The answer must consist of every line from the entries below that contains the word "Stock".

Records supplied START

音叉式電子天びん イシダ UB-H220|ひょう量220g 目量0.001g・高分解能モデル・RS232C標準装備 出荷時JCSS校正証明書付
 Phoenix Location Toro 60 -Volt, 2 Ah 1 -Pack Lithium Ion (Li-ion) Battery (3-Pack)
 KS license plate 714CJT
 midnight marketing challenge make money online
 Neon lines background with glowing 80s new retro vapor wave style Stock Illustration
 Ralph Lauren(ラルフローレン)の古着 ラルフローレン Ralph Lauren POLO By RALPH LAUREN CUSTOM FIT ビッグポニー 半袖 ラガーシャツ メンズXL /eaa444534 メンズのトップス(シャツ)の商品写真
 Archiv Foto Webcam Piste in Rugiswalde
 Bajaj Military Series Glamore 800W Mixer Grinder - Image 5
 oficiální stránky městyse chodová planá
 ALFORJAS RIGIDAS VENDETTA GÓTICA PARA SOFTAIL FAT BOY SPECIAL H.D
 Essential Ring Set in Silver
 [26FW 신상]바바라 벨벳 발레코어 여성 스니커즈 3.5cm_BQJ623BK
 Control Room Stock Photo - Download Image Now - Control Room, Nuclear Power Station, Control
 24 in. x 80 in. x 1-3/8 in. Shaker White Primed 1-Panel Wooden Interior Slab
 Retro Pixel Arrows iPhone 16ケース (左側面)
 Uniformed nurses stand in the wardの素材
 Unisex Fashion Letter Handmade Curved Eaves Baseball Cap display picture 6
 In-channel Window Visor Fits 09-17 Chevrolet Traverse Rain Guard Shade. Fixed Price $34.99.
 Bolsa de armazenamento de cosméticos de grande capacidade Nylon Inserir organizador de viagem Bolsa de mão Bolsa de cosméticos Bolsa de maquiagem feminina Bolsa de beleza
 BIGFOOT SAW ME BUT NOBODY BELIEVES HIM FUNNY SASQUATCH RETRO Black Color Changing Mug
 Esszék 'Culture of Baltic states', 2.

Records supplied END

Result >>
 Neon lines background with glowing 80s new retro vapor wave style Stock Illustration
 Control Room Stock Photo - Download Image Now - Control Room, Nuclear Power Station, Control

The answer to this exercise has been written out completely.